Faculty and patients
- a) The Organising Secretary / Chairman / Committee should intimate the proposed names of faculty to the President and Secretary of IAGES and take a consent.
- b) The faculty should be known for his / her excellence in the surgery that he/she is supposed to demonstrate. This should not be by hearsay.
- c) In case of Faculty not registered with Medical Council of India (especially International Faculty), a permission and temporary registration is mandatory and should be sought through the State medical council well in advance.
- d) The Faculty should be informed well in advance about the cases he/she is expected to demonstrate.
- e) Appropriate and indicated cases with all necessary investigations only should be operated upon.
- f) Written and informed consent of the patient that he/she is for Workshop should be taken.
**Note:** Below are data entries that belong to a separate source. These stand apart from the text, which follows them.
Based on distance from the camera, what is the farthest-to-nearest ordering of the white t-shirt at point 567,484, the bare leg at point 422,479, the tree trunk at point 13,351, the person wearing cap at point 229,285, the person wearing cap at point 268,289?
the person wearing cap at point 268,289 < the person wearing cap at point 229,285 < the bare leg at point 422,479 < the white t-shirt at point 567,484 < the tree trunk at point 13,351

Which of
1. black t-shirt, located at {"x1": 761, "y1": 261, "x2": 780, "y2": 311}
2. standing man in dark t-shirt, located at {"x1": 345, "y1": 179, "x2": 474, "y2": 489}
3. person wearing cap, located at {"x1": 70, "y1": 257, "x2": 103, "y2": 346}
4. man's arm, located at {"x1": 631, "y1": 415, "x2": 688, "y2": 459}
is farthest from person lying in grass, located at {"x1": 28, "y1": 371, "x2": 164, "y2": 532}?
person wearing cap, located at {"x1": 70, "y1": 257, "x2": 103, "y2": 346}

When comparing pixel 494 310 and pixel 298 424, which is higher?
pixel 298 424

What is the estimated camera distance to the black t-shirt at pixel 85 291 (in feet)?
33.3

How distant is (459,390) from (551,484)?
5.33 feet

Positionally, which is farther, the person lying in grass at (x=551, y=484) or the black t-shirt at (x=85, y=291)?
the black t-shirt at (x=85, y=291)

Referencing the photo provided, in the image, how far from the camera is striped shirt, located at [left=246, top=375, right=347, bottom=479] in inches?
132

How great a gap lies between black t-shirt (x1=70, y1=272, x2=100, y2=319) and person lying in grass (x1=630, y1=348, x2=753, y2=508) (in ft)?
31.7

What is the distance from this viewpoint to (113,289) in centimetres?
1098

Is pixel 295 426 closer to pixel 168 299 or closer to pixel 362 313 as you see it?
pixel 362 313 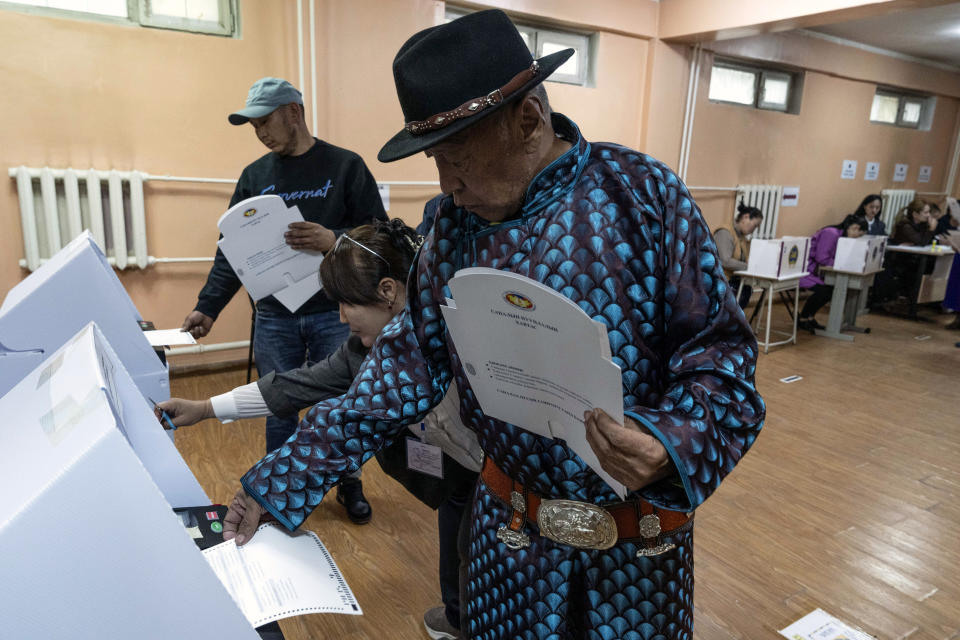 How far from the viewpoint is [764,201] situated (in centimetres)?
647

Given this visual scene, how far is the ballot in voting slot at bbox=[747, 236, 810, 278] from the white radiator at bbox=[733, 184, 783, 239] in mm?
1291

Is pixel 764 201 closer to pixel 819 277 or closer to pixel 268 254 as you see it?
pixel 819 277

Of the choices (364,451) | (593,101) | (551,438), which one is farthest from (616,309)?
(593,101)

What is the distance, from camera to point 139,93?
3.39m

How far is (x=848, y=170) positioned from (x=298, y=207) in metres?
7.26

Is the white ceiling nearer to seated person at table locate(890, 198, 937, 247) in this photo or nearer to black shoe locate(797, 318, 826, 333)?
seated person at table locate(890, 198, 937, 247)

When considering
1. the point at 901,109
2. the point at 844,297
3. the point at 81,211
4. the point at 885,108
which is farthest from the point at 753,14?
the point at 901,109

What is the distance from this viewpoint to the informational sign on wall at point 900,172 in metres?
7.86

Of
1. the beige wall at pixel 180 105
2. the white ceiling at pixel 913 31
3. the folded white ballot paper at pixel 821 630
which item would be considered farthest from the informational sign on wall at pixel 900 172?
the folded white ballot paper at pixel 821 630

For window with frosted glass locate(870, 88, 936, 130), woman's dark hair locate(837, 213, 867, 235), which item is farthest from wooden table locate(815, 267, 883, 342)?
window with frosted glass locate(870, 88, 936, 130)

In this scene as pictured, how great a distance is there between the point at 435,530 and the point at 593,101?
3.96 metres

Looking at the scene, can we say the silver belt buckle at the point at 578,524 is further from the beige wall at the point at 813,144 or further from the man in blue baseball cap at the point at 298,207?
the beige wall at the point at 813,144

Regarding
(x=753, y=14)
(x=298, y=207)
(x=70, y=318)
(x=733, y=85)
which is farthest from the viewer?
(x=733, y=85)

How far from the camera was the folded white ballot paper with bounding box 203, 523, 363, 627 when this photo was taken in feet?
2.38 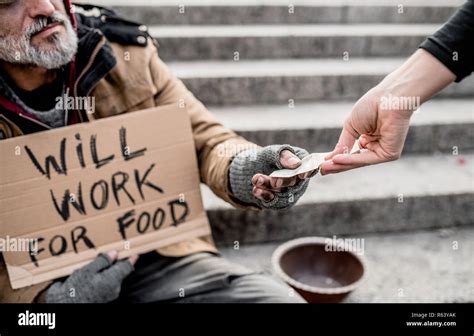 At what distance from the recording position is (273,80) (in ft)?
10.1

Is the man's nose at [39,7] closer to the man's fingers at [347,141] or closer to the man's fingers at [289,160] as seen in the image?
the man's fingers at [289,160]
The patient also should consent to his/her being operated upon by a particular faculty.
- g) The patient also should give consent to the fact that the surgery is going to be beamed live to delegates.
- h) The faculty should be shown and introduced to the patients in advance in order to build mutual confidence. This will allow either to backout in time and avoid complications.
- i) Every effort should be made to comfort the operating faculty by a well trained support staff – camera assistant, assistant, nursing staff, equipment support staff etc.
- j) Demonstration of those common cases should be carried out which delegates will be able to perform when they go back to their institutions.
- k) Complicated cases should not be kept during the workshop as they only consume time and are of no benefit to faculty, patient and the delegates.
- l) Any “new” or an equipment that the faculty is unfamiliar to that is proposed to be used for “demonstration” purpose for the benefit of the delegates should be told to the operating faculty in advance. Alternately, if the faculty does not wish to use a particular equipment, he/she should not be “forced” to use the same.
It would be proper to give a follow-up of the operated patients on the same or next working day to the delegates in case where workshop is followed by a meeting or conference.
A few videos (semi-edited) with stand-by faculty should be kept ready for video lectures in case of non-feasibility / failure of transmission or reasons beyond the control of local organizing committee.